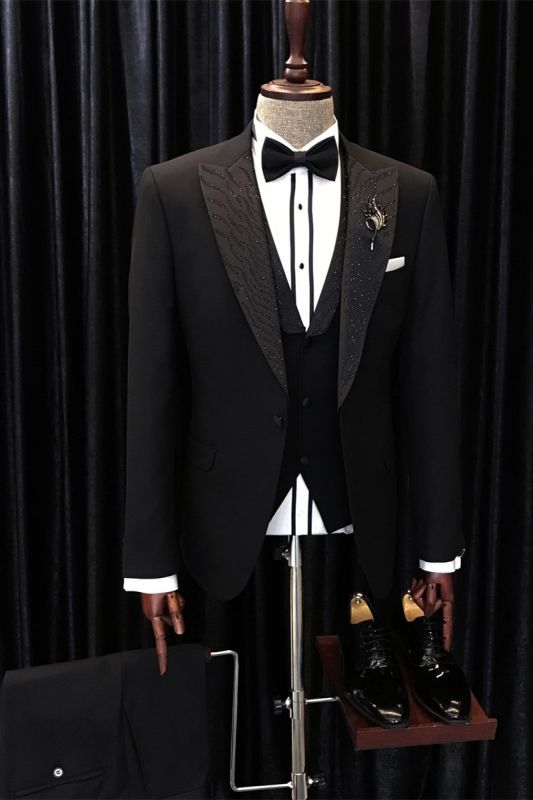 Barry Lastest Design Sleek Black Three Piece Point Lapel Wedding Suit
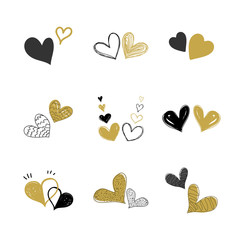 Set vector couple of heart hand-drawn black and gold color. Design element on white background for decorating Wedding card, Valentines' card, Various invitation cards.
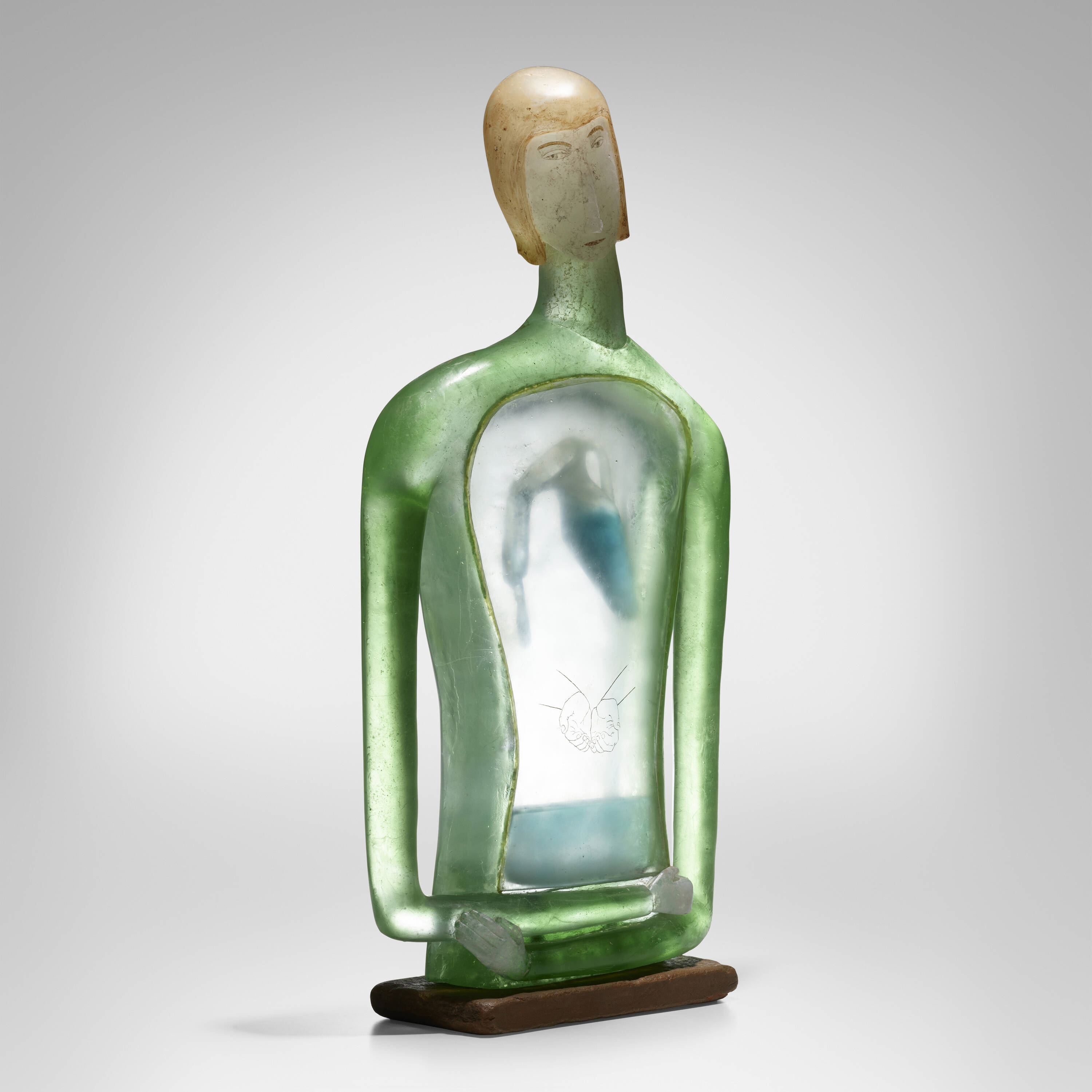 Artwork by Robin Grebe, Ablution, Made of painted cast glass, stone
---*---
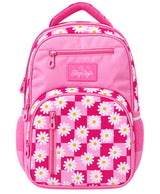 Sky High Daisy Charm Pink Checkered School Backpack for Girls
---*---
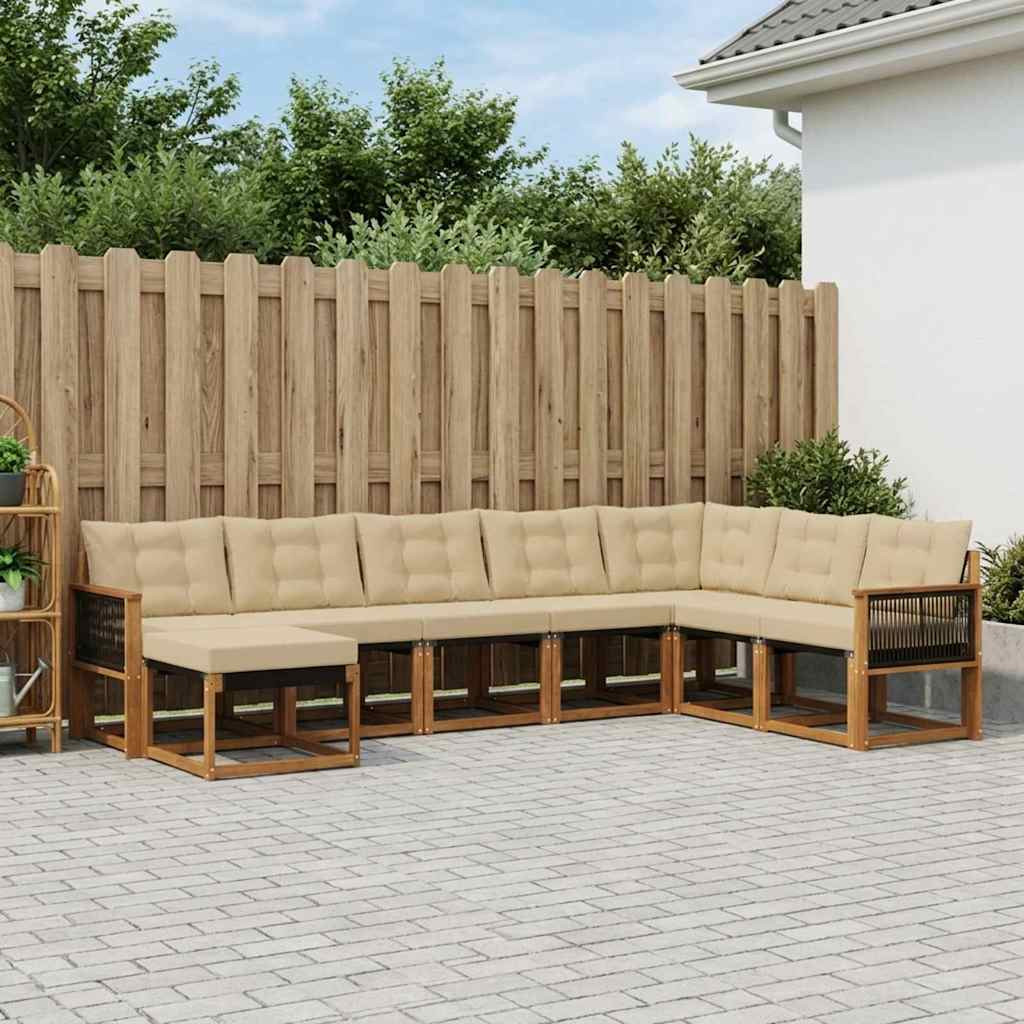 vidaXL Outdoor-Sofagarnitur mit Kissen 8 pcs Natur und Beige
---*---
BRIEF -
In the data above, find the line containing "Barry Lastest Design" and the line containing "Artwork by Robin". Copy exactly the stretch from the first through the second, both included, leaving out any picture.

WRITTEN SOLUTION -
 Barry Lastest Design Sleek Black Three Piece Point Lapel Wedding Suit
 Set vector couple of heart hand-drawn black and gold color. Design element on white background for decorating Wedding card, Valentines' card, Various invitation cards.
 Artwork by Robin Grebe, Ablution, Made of painted cast glass, stone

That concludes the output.